■ What is expected:
Starting from the line with "GUESS Amore Portofino" and going up to and including the line with "Nanuk Caso 910 antracita", copy the listing below exactly. Leave all images out.

■ Data extracts:

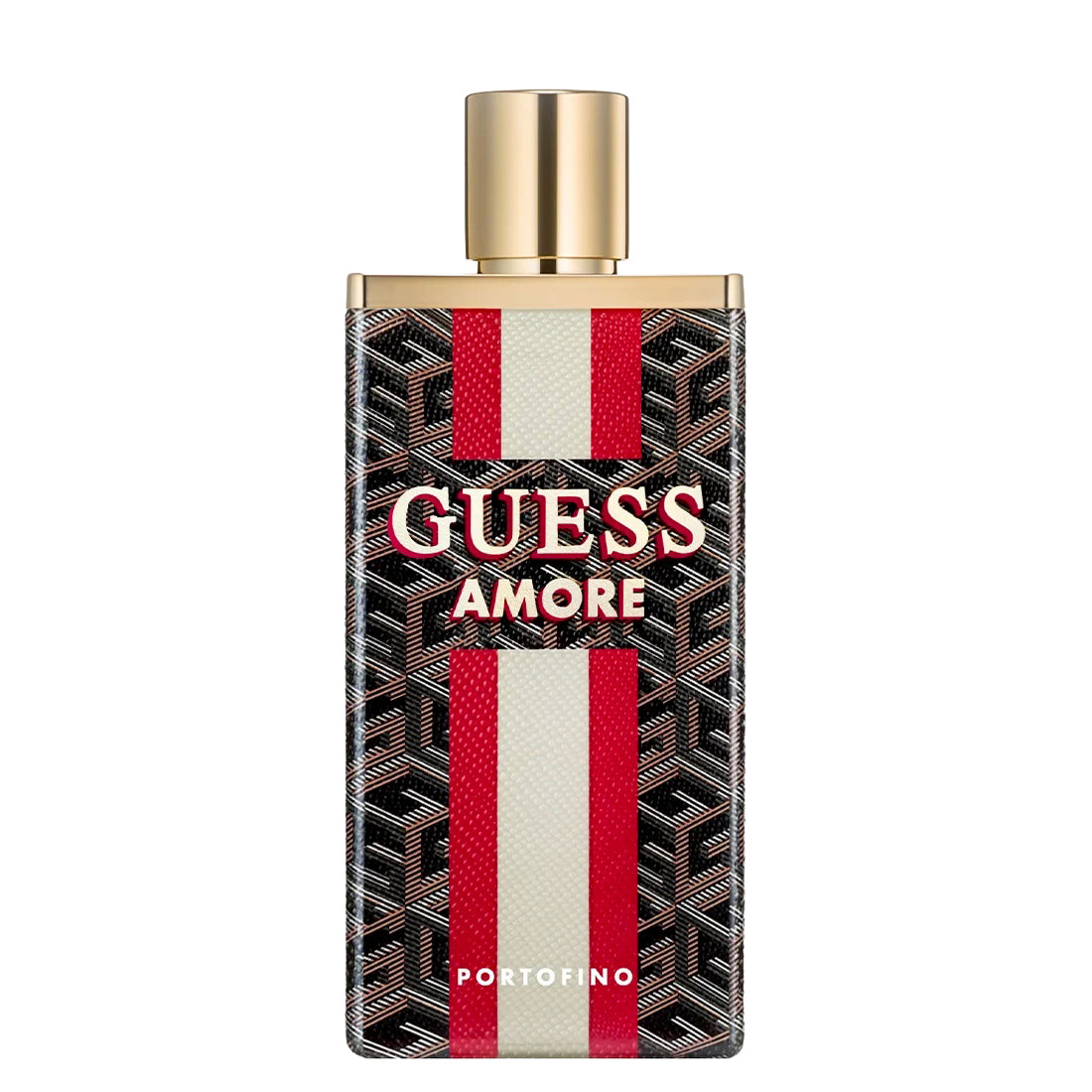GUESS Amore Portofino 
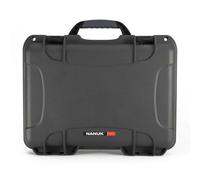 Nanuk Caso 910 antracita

...

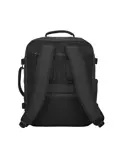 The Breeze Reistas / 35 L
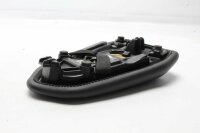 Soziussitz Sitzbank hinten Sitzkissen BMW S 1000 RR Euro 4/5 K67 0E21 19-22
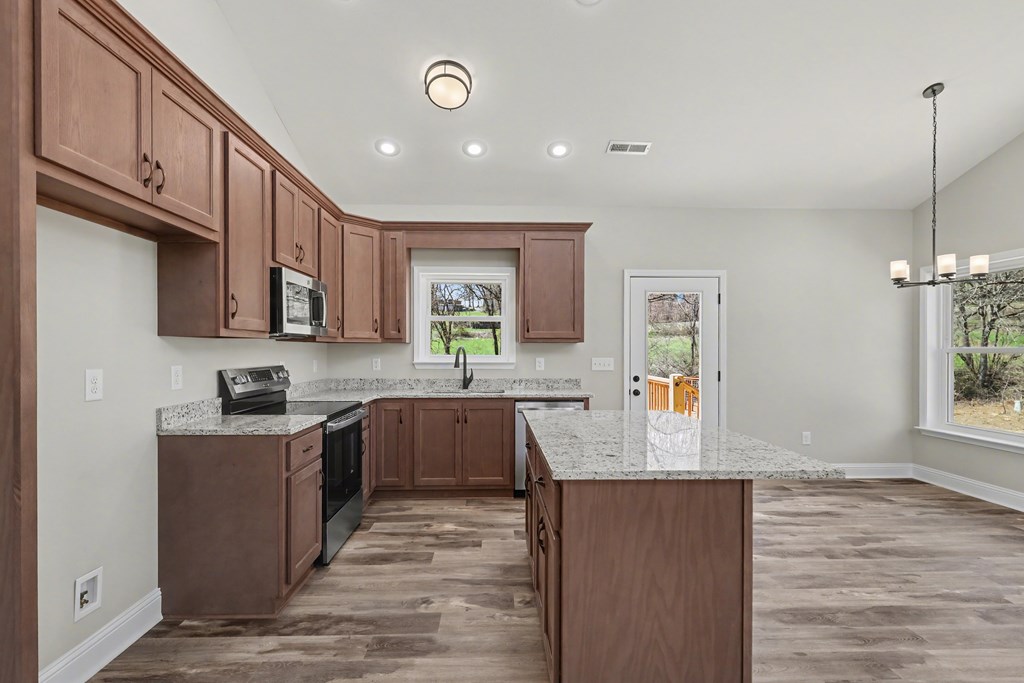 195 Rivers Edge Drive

■ Answer below:
GUESS Amore Portofino 
 Nanuk Caso 910 antracita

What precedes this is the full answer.